4OR
- Discipline: Operations Research, Decision Theory
- Language: English
- Edited by: Yves Crama, Michel Grabisch, Silvano Martello

Publication details
- History: 2003-present
- Publisher: Springer Science+Business Media
- Open access: Hybrid
- Impact factor: 1.763 (2021)

Standard abbreviations
- ISO 4: 4OR

Indexing
- ISSN: 1619-4500 (print) 1614-2411 (web)

Links
- Journal homepage; Online access;

= 4OR =

4OR - A Quarterly Journal of Operations Research is a peer-reviewed scientific journal that was
established in 2003 and is published by Springer Science+Business Media.
It is a joint official journal of the Belgian,
French, and
Italian Operations Research Societies.
The journal publishes research papers and surveys on the theory and applications of Operations Research.
The Editors-in-chief are Yves Crama (University of Liège),
Michel Grabisch (Pantheon-Sorbonne University), and Silvano Martello (University of Bologna).

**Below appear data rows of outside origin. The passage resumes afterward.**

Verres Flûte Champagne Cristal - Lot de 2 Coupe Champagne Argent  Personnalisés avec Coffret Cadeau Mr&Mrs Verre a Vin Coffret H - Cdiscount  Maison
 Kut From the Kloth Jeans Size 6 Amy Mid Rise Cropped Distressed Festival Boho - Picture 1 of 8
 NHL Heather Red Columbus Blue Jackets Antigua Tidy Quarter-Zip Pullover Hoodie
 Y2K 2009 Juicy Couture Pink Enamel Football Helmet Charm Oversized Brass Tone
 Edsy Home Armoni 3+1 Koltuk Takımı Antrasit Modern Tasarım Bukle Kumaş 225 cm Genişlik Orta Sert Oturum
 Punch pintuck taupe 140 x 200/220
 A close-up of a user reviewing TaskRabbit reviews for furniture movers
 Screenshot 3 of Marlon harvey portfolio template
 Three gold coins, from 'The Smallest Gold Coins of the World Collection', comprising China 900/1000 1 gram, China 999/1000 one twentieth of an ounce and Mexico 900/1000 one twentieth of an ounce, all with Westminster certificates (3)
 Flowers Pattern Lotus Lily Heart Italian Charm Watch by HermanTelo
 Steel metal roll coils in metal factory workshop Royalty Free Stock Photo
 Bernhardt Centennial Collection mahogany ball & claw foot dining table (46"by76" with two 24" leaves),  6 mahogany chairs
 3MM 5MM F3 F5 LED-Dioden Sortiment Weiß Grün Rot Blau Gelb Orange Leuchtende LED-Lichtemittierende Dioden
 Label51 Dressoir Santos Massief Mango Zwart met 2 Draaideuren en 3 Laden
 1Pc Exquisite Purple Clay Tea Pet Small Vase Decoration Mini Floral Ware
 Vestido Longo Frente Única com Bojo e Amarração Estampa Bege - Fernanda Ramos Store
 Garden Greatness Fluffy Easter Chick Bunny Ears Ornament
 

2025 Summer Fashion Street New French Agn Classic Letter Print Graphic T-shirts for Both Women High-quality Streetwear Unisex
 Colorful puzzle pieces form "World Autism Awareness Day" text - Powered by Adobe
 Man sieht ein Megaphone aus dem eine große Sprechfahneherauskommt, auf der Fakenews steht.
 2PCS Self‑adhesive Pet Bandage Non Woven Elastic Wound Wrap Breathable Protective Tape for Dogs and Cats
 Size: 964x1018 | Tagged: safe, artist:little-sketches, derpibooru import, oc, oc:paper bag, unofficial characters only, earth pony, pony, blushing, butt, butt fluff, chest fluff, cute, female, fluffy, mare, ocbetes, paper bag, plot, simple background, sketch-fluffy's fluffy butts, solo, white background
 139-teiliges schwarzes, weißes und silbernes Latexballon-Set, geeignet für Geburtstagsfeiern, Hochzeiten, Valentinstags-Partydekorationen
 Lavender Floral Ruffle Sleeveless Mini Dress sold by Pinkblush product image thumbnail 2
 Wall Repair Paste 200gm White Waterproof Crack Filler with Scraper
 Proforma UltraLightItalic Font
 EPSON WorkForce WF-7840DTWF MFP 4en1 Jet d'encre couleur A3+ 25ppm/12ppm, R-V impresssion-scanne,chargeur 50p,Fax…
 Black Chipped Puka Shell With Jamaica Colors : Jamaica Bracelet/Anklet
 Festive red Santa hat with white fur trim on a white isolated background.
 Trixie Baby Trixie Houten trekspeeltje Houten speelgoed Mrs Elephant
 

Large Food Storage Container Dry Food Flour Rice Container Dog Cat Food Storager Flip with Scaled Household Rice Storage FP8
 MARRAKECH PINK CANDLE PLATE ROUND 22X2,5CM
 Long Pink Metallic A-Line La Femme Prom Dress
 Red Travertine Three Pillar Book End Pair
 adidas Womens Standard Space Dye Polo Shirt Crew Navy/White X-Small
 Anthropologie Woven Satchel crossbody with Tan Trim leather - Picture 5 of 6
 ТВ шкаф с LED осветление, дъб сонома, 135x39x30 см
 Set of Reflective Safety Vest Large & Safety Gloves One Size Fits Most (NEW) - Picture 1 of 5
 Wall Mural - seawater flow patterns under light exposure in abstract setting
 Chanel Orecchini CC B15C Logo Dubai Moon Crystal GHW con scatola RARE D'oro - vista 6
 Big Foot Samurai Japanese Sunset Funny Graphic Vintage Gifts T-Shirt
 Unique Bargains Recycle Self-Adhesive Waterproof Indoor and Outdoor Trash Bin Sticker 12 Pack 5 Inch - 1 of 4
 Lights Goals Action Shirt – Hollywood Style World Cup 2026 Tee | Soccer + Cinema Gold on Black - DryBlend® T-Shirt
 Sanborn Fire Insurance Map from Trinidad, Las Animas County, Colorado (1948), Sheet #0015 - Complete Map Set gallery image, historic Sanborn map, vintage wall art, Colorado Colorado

== Abstracting and indexing ==
The journal is abstracted and indexed in the following databases:
- DBLP
- EconLit
- EBSCO Information Services
- Google Scholar
- International Abstracts in Operations Research
- Journal Citation Reports
- Mathematical Reviews
- OCLC
- ProQuest
- Science Citation Index
- SCImago Journal Rank
- Scopus
- Zentralblatt Math

According to the Journal Citation Reports, the journal has a 2024 impact factor of 2.6.